Spoilers for Godzilla from here on out.
Last summer, hundreds of think-pieces were launched regarding the obscene amounts of destruction in Man Of Steel. But surely no one was expecting that to change, and here we are with Godzilla completely annihilating San Francisco. Discussing the morality of these moments is almost tired at this point. We know where people stand on the for-and-against sides of this debate. What's unfortunate is that Godzilla assumes that the audience is now pretty much "cool" with it. And that is unfortunate, for reasons that have little to do with "propriety." Guys: it's boring.
CGI has changed the way we make movies, giving filmmakers the ability to imagine sights we could only previously dream about. And America's biggest blockbuster filmmakers have used this tool to blow up entire cities onscreen, at an increasingly ridiculous rate. In 2011, it made sense for Transformers: Dark Of The Moon to annihilate Chicago, since those sorts of sequences are Michael Bay's m.o. And uniting The Avengers in 2012 required a massive, city-destroying threat, one that basically annihilated New York (it got better). But by 2013, what happened? Man of Steel. Star Trek Into Darkness. Pacific Rim. G.I. Joe: Retaliation. These are our movies, people. Just an endless onslaught of falling buildings.
When Steven Soderbergh gave a dispiriting speech about the industry last April at the San Francisco International Film Festival, he told a curious anecdote. He was seated on a plane across from someone who had programmed several movies into their IPad. Soderbergh proceeded to watch as this person cycled through every single scene of destruction from these films, flipping between them all to catch the large-scale destruction as the "best parts." Why does it seem as if we are becoming that guy, only we aren't flipping through these scenes by choice?
Of course, there are story reasons for these decisions. Godzilla, after all, is Godzilla. He destroys cities, that's what he does. And laying waste to a major metropolitan area gives (cheap?) dramatic weight to the stakes. If the bad guys could do that to a city, imagine what they could do with the world. These movies never deal with the aftermath of these struggles, of course. Usually the heroes and villains take off, either plotting to fight again, or taking the battle to another place.
What's interesting is how these movies twist the nature of disaster, in a way that suggests the current generation is totally cool with photo-realistic buildings crashing down on each other. At the close of Godzilla, the city is in shambles, entire blocks annihilated. There's reason to believe that, in this movie's universe, this is the worst and most cataclysmic disaster on American soil (not to mention the other places Godzilla and the MUTO's visited). Thousands are dead, millions are certainly missing. And then Godzilla rises, a prehistoric beast with nuclear breath that towers over the city's architecture. Do people run and tremble? Do they scream? Is there anger that this creature has likely killed everyone they know?
Actually, there's applause. A news report labels him "king of the monsters" as this beast climbs back into the water, having completed a brawl with two other monsters that just happened to occur on the surface of our civilization.

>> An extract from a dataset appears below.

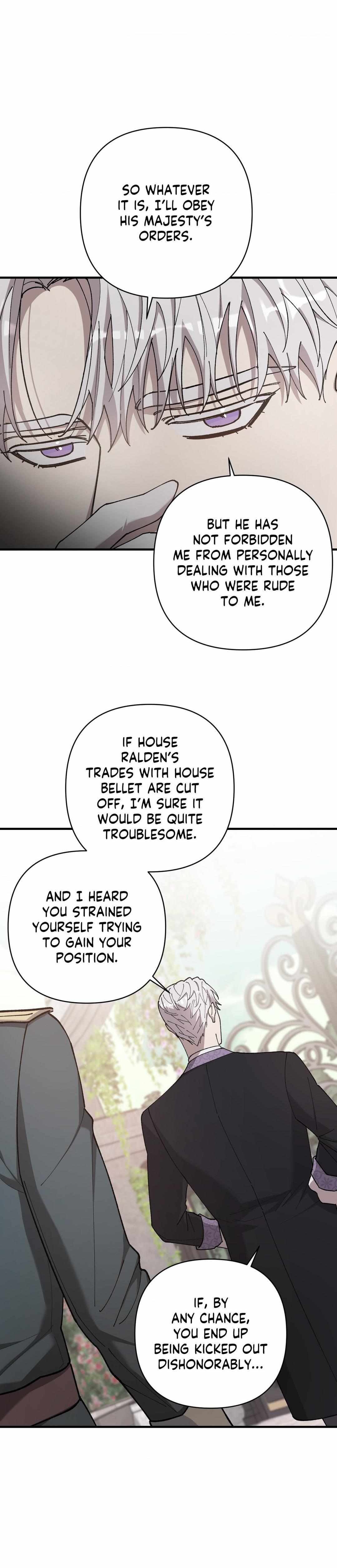 Flower of the Sun Chapter 84 page 11 -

The way the music swells suggests the movie wants you to applaud as well. Because these movies pursue this "dark" angle: we have to make it "darker," let's have a "dark" reboot of this or that. But after all the carnage, the citizens of these worlds suddenly celebrate the silver lining in every cloud. They applaud the heroes. Even the newspaper headlines in these movies don't discuss the massive damage that's been done, but rather the brave souls who stepped in and saved a few people amidst the wreckage. Even if you know nothing of modern journalism, you know that's not going to be the headline in these circumstances.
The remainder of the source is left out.